Sorry for not adressing this before. You actually need to choose OR search type in GUI for it to work as you expect. Otherwise, if you leave it as AND, which is default value, you should recive about the same results as if you were using only ;

lunaro-4 avatar Jul 22 '24 17:07 lunaro-4

@samuellieberman

Thank you for pointing things out, will fix and add additional tests

lunaro-4 avatar Jul 22 '24 17:07 lunaro-4

Changes overview:

  • Multiple minor changes from code review by @yedpodtrzitko
  • New class KeyNameConstants for constant names, replaces hardcoded field names like "UNBOUND" and "EMPTY"
  • Fix incorrect behavior with multi-word special flags like no author
  • Fix negative prompt parsing

I also had to change search test from test_lib.py file, as --nomatch-- case worked incorrectly with negative prompt implementation.

Thank you for patience, will be waiting for new review.

lunaro-4 avatar Jul 27 '24 18:07 lunaro-4

@eivl The intention behind this PR is to give the user the ability to search entries by multiple custom fields.
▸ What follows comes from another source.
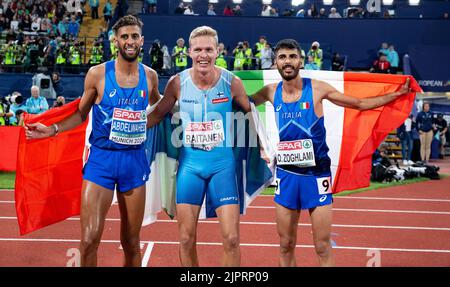 Monaco, Germania. 19th ago, 2022. Atletica: Campionati europei, Stadio Olimpico, 3000m, steeplechase, uomini, finale. Topo Raitanen (M) finlandese celebra la sua medaglia d'oro. Ahmed Abdelwahed (l) dall'Italia prende l'argento e Osama Zoghlami dall'Italia vince il bronzo. Credit: Sven Hoppe/dpa/Alamy Live News Foto Stock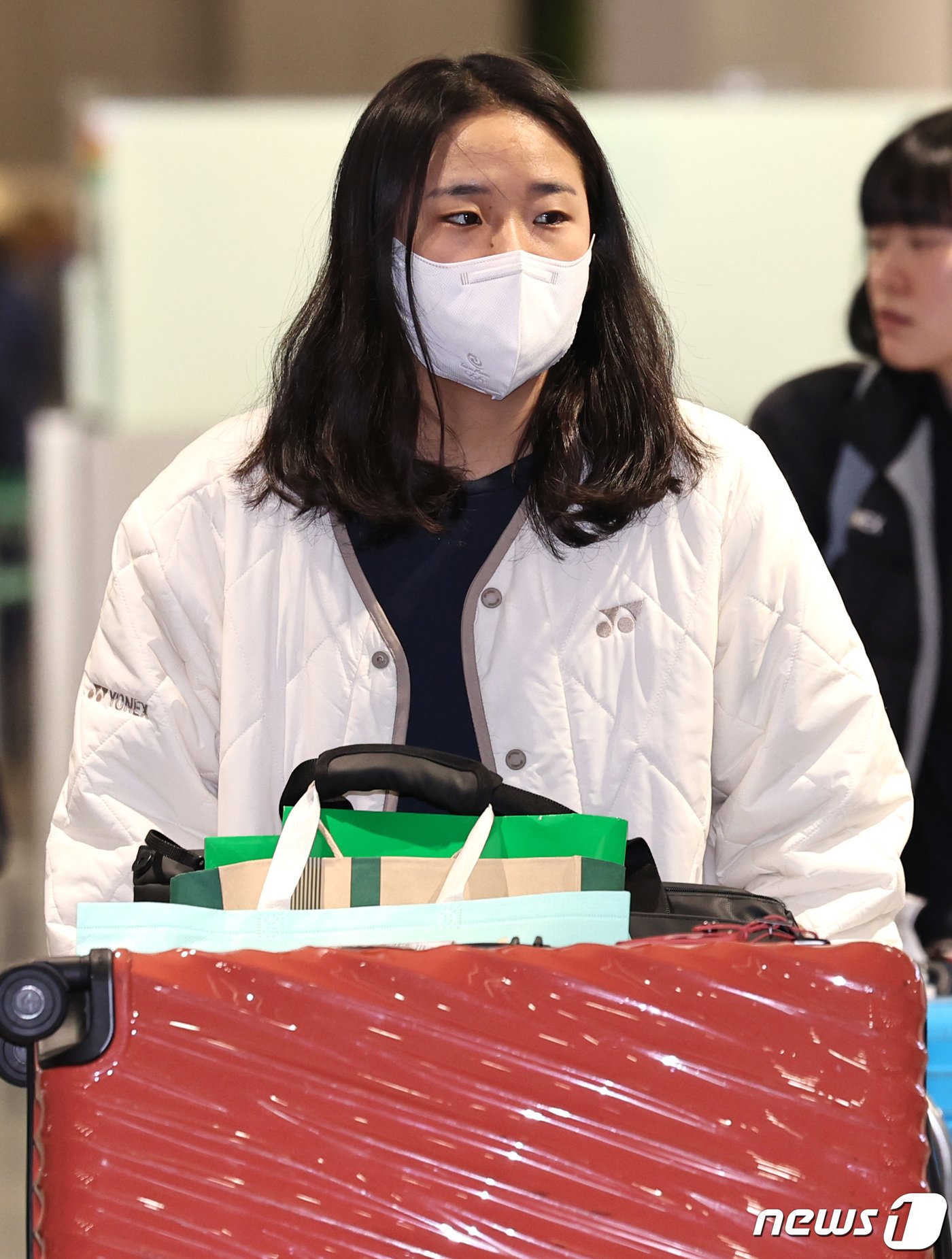 배드민턴 국가대표 안세영이 중국 항저우에서 열린 2023 세계배드민턴연맹&#40;BWF&#41; 월드투어 대회를 마치고 18일 오후 인천국제공항을 통해 귀국하고 있다. 2023.12.18/뉴스1 ⓒ News1 구윤성 기자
Current version of TagStudio only supports search by tags and filename, with this PR it is possible to filter entries by other fields, such as Description.

At first, there was only one search_libraty method, that did all the work. What I did was creating new method parse_metadata that parses arguments from search query, and extracting functionality from search_library into a separate class, called Filter. On initialization, this class copies all necessary information from Library. After that, Filter.filter_results could be called to get all entries, that fit the parsed search query.

Reading the query

Library.parse_metadata method splits the query into multiple parts, returning a list of dictionaries:

  • list element: query parts, which are separated by | symbol in query
  • dictionary element: query keys, provided inside query parts and separated by ; symbol, and it's value (if : symbol is provided)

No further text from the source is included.